→ **Work request**: Restate the listing below word for word, pictures excluded.

→ **Collected material**:
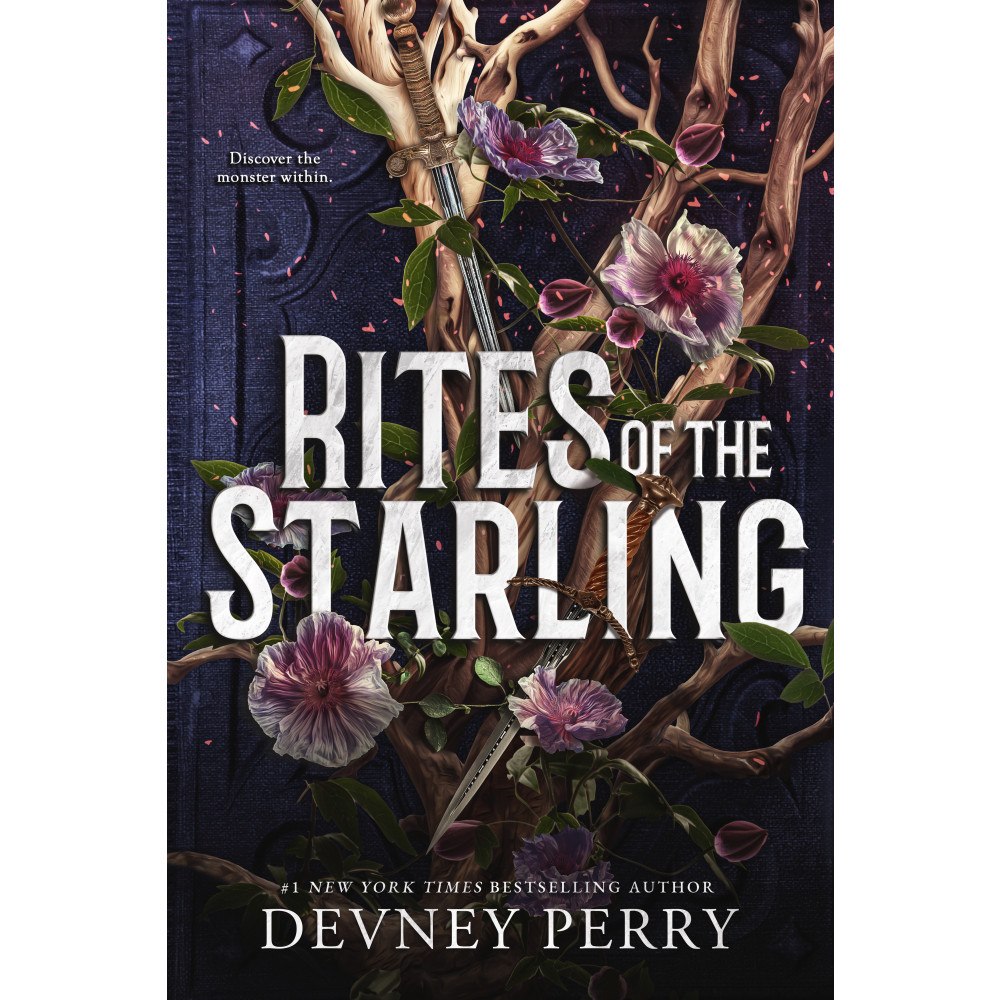 Devney Perry Rites of the Starling (häftad, eng)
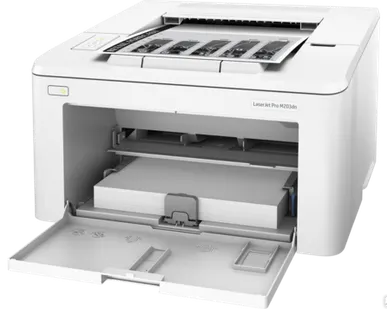 фото Принтер HP LaserJet Pro M203dn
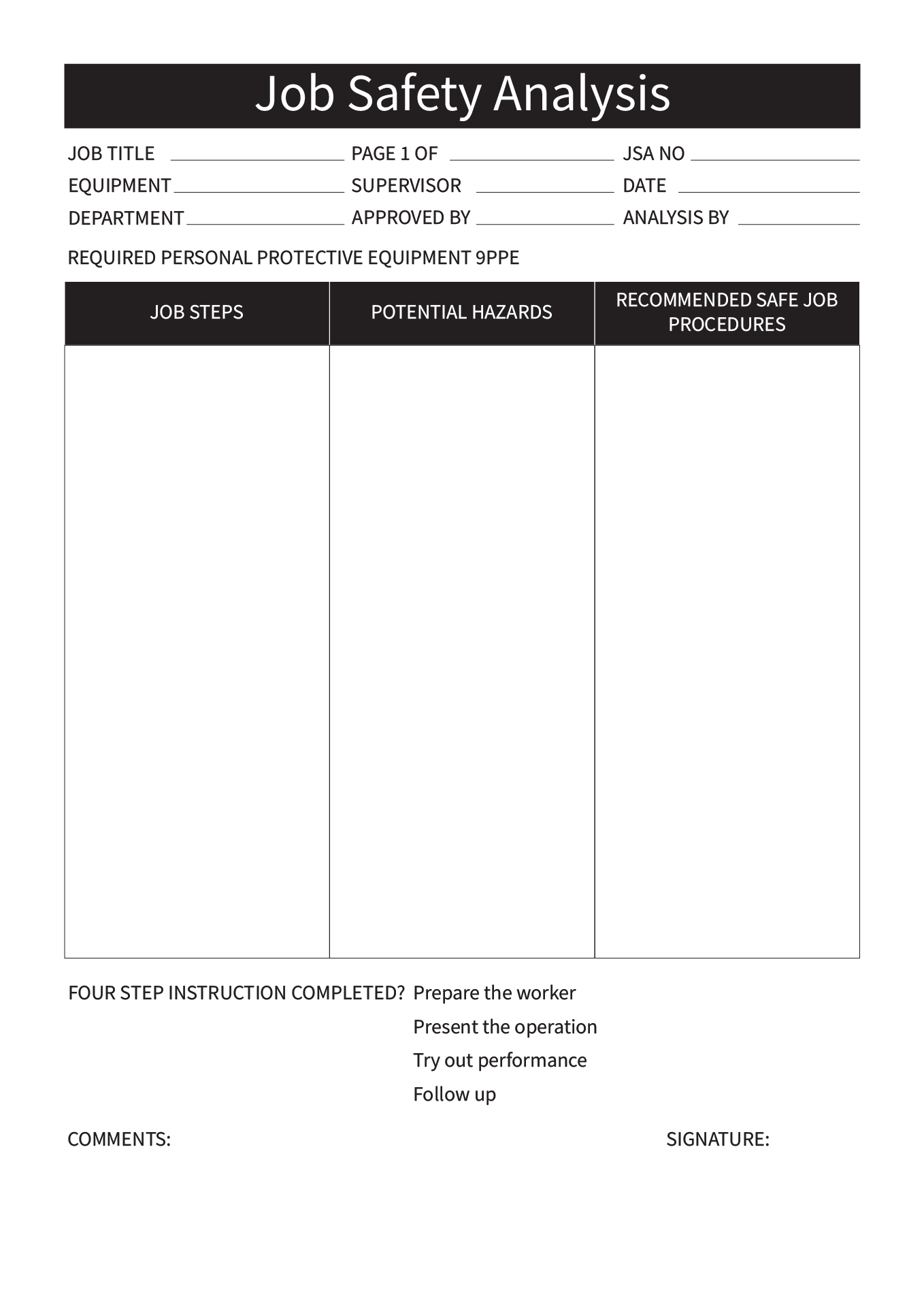 13-job-hazard-analysis-template-worksheet-free-pdf-at-worksheeto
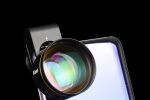 Kase 4K 75mm Professional Macro Phone Lens (7.5CM focus distance #BokehKiller)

→ **Response**:
 Devney Perry Rites of the Starling (häftad, eng)
 фото Принтер HP LaserJet Pro M203dn
 13-job-hazard-analysis-template-worksheet-free-pdf-at-worksheeto
 Kase 4K 75mm Professional Macro Phone Lens (7.5CM focus distance #BokehKiller)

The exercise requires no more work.